Bourgogne

Tribunal de Villefranche-sur-Saône/ Flavescence dorée - Nouveau rendez-vous judiciaire le 15 décembre pour Thibault Liger-Belair

Tribunal de Villefranche-sur-Saône/ Flavescence dorée  - Nouveau rendez-vous judiciaire le 15 décembre pour Thibault Liger-Belair

La guerre de Troie, version Jean Giraudoux. Le procès de Thibault Liger-Belair n’a pas eu lieu. Ni réquisition, ni plaidoirie, l’affaire s’est arrêtée à l’évocation de la nullité de la citation. Quelques arguments de fond ont été évoqués mais Défense et Parquet ont été d’accord pour parler de « vice de procédure » et inciter le tribunal à reciter et réexaminer l’affaire. Impression d’une confusion à la fois géographique, administrative et juridique. Les explications d'info-chalon.com.

Affaire numéro deux inscrite ce mardi après-midi au rôle du tribunal de Villefranche-sur-Saône. Un rendez-vous citoyen était organisé peu avant l’audience, avec du vin et un casse-croûte, par les divers soutiens du viticulteur. Banderoles accrochées aux grilles du Palais de justice, des dizaines de messages de soutien scotchés aux barreaux, un apéro convivial est assez discret pour cause de deuil national sur le trottoir à la bonne franquette. Ambiance bon enfant parmi les militants environnementalistes et les amis du vigneron, qui n’a pas voulu répandre de l’insecticide sur ses vignes de Moulin-à-vent pendant l’année 2013, alors qu’un arrêté préfectoral de Saône-et-Loire lui en faisait obligation. Ses vignes sont à cheval entre Rhône et Saône-et-Loire, sur les communes de Chenas (69) et Romanèche-Thorins (71). C’est bien là le cœur du problème, symbolisé par une petite route frontière goudronnée de trois mètres de large. La qualité du vin se moque des frontières administratives.
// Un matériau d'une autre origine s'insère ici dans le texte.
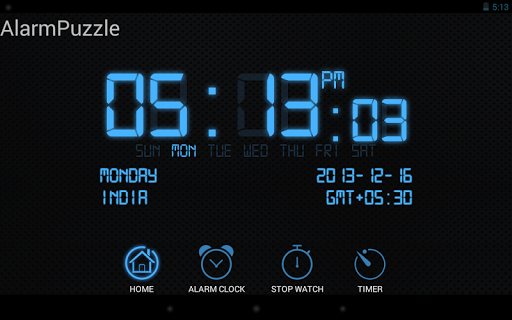 【免費生活App】Alarm Puzzle Clock-APP點子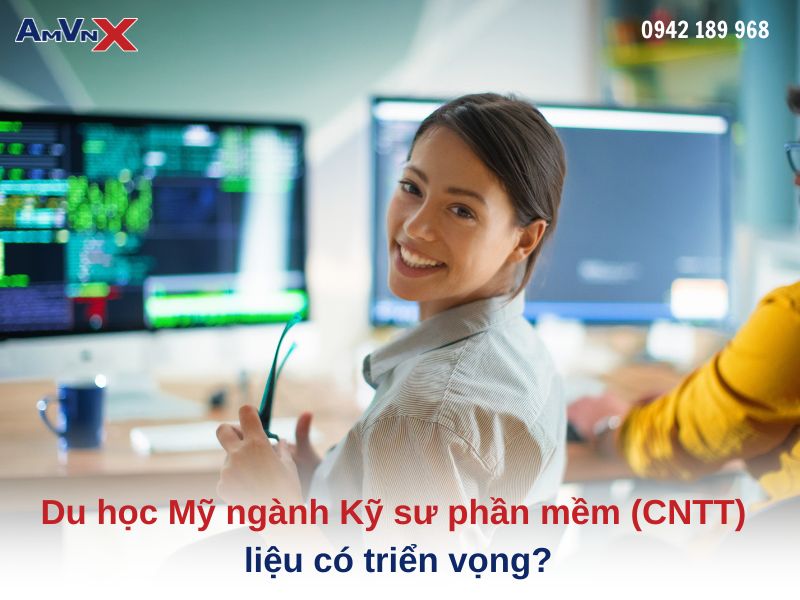 Du học Mỹ ngành Kỹ sư phần mềm (CNTT) liệu có triển vọng?
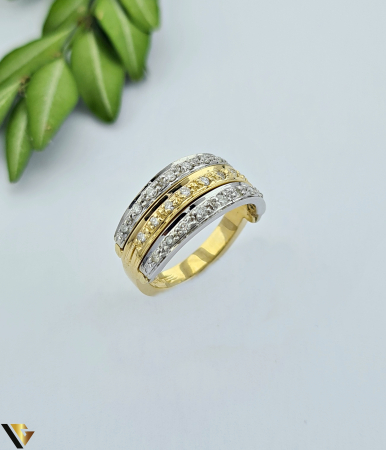 Inele cu diamante - Inel Aur 14k, Diamante 0.47 ct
Et, comme l’a dit Me Michel Desilets, l’avocat du prévenu, la cicadelle, vilain insecte soupçonné d’être le vecteur de la flavescence dorée, jaunisse irrémédiable de la vigne ne doit pas y attacher d’importance non plus.  La préfecture de Saône-et-Loire, si.

 

Nullité des poursuites ?

 

L’examen de l’affaire n’est pas allée plus loin que la contestation de la citation à comparaître. A l’ « aberration administrative » concernant un domaine partagé entre deux départements qui ne donnent pas les mêmes obligations pour lutter contre un fléau viticole, vient –semble-t-il -s’ajouter « une aberration géographique ». « On a affaire à une citation à comparaître avec une erreur matérielle » souligne l’avocat du viticulteur. Et à la grande surprise de la défense, le ministère public abonde dans le même sens : « Il y a eu erreur sur le lieu du constat effectué par les services de la préfecture de Saône-et-Loire, note le procureur Grégoire Dulin. Les observations des services préfectoraux de Saône-et-Loire ont été faites à Chenas en novembre 2013, une commune du Rhône qui n’est pas concernée par l’arrêté d’octobre 2012. ! De plus, la qualification de l’infraction n’est pas rédigée correctement ni précisément, les observations sont lacunaires, on ne sait pas assez précisément ce qui est reproché au prévenu. ». Convoqué pour « refus d’effectuer les mesures de protection des végétaux », un délit sanctionné par un article des codes ruraux et  pénaux, Thibault prend soin de la même façon de ses vignes bi-départementales.

 

L’arrêté préfectoral rendant l’insecticide obligatoire en Saône-et-Loire n’aurait jamais été validé par le Ministère…

 

Autre argument développé par Me Desilets pour annuler la citation, le devenir de l’arrêté préfectoral du 25 octobre 2012. En cas de mesure d’urgence, comme la lutte contre la flavescence dorée peut l’être, un arrêté préfectoral a deux semaines pour être validée par le ministère. Or, selon la défense, l’arrêté bourguignon qui a créé désobéissance et polémique chez les viticulteurs en imposant l’insecticide à tous …ne l’a jamais été.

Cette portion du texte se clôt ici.